Zombie Infrastructure
And it has spewed tons of pollutants into the air. As the Denver Post put it in an article about these many long-in-the-tooth dirty power plants, “Utilities dragged feet”:
These plants have been allowed to run for decades without modern pollution controls because it was thought that they were on the verge of being shuttered by the utilities that own them. But that didn’t happen.
Indeed. The Salem station was one of those zombie economy necessities that refused to die: a lot of people shrugged and accepted it as an unavoidable evil that had to be borne. After all, the region is famous for being bedeviled, right? The struggle to force either a clean-up or a closure of the Salem station was epic – but now it’s finally happening.
Or is it?
There’s a dearth of information about how the situation went from “the plant is closing” = “really new opportunities” to “the plant is dead” = “long live the plant,” but some weeks ago, the latter option grew in strength when the station’s current owner, Dominion, began negotiations to sell the property as-is to New Jersey-based startup Footprint Power. The latter wants to operate a natural gas-burning power plant at the site. Admittedly, natural gas burns cleaner than coal or oil – but wait! There have been hints that the backup fuel could be …diesel oil. Because, you know, depending on the markets, natural gas might become too expensive and we’d have to go back to something a little dirtier.

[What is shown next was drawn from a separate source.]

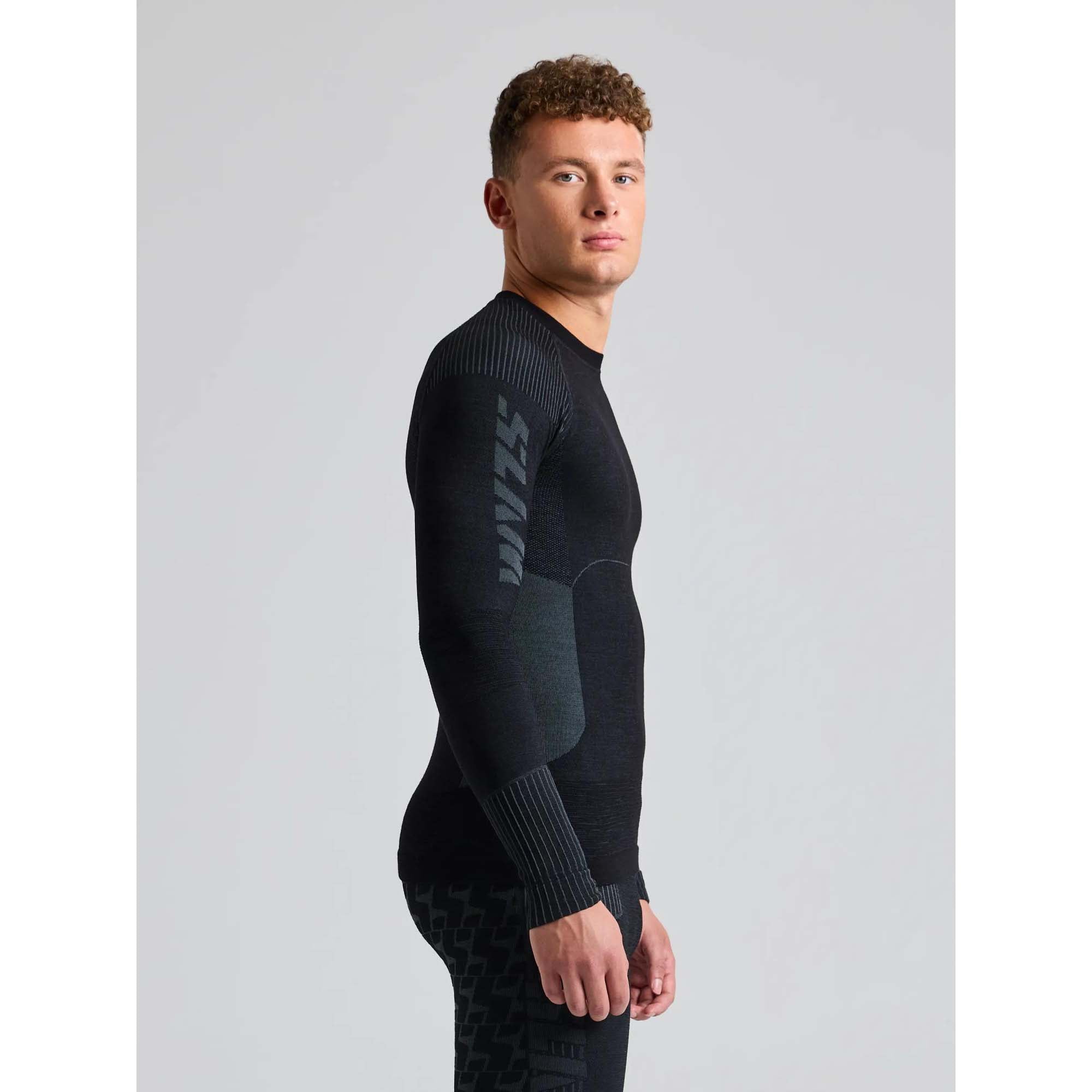 PRO_SEAMLESS_MERINO_TOP_A419006S00_W01_Image_3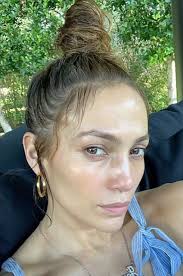 This jennifer lopez without makeup pictures wasn't going quite well with followers in the beginning. Jennifer Lopez Showed What She Looks Like Without Makeup Wirewag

It seems zombies are hard to kill dead.
Why has there been no recent public input on the plans?
On June 26, Andrea Fox of Green Drinks of Greater Salem moderated a discussion of current plans for the station. The three presenters – Healthlink‘s Jane Bright, State Rep. Lori Ehrlich, and attorney Jan Schlichtmann (whose work has often focused on environmental issues) – questioned the plans now on offer. Schlichtmann in particular pointed out that, while there was a surge of interest initially in what would happen to the site, the recent negotiations between Dominion, Footprint, and Massachusetts politicians have effectively put a kibosh on any further public input. The Green Drinks discussion was essentially meant to breathe some life into the conversation. It seems that as soon as the corporation(s) decided on a course of action, the people rolled over and went quiet.
The lone voice speaking in favor of Footprint Power’s plan was Shelley Alpern, a Salem resident and member of SAFE – the Salem Alliance for the Environment (but she made it clear that she wasn’t speaking on SAFE’s behalf). Alpern’s cred as an environmentalist goes way back, so it was surprising to hear her question the vision for a sustainable redeveloped waterfront site and instead pleading Footprint’s case.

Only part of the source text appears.